Description
En 2011, le gouvernement du Québec décidait de la création d'un registre des erreurs médicales publié 2 fois par an. En 2014, il a été décidé de ne publier ce registre qu'une fois par an. Il y aurait 500000 incidents dans le système de santé québécois signalés par an, impliquant plusieurs centaines de décès qui auraient donc pu être évités. Un registre des erreurs médicales permet de recenser les erreurs les plus fréquentes et les pratiques, ainsi que les praticiens, les plus à risque.
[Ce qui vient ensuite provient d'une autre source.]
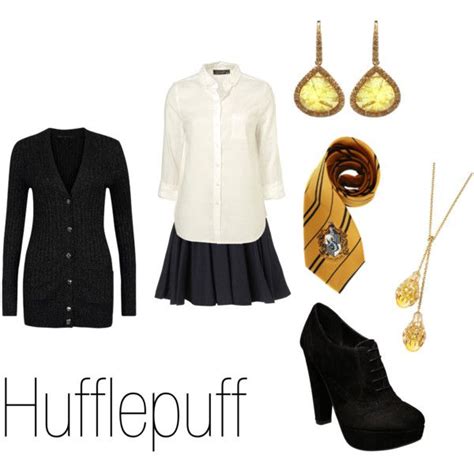 Hufflepuff Hufflepuff Outfit Casual Cosplay Harry Potter Outfits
Nous, usagers du système de santé, devrions pouvoir nous renseigner sur les dangers qu'impliquent un médicament ou une opération, et aussi sur les incidents attribués à un médecin. En restreignant la publication de ce registre, le ministère nous a laissé savoir que le fait que nous soyons bien informés n'a guère d'importance à ses yeux. Pourtant, cette opacité de l'information ne profite qu'aux médecins et aux sociétés pharmaceutiques.

L'avocat Jean-Pierre Ménard, qui œuvre dans le domaine des erreurs médicales depuis longtemps et qui a longtemps milité pour la création de ce registre, explique que « les médecins n'ont pas la déclaration facile. » Le ministre de la Santé et des Services sociaux du Québec en 2011, Yves Bolduc, reconnaissait que les établissements de santé « étaient hésitants à rendre l'information disponible». Pourtant, la transparence du corps médical tend à faire baisser le nombre de poursuites....
Objectifs de la revendication (Améliorer)
Obtenir la publication 4 fois par an du registre des erreurs médicales au Québec ! Ce registre doit être accessible en tout temps à tous les citoyens et offrir des moyens de recherche par médicament, pratique, établissement et praticien. Nous demandons en outre que tout décès dû à une erreur médicale soit l'objet d'une enquête indépendante visant à déterminer ses causes et les moyens d'y remédier à l'avenir. La dissimulation d'un incident ou accident médical doit entrainer des poursuites proportionnelles à la gravité de l'erreur, allant jusqu'à entrainer l'interdiction d'exercer du praticien et des conséquences pénales. Ainsi les citoyens pourront-ils s'informer adéquatement avant de prendre une décision médicale.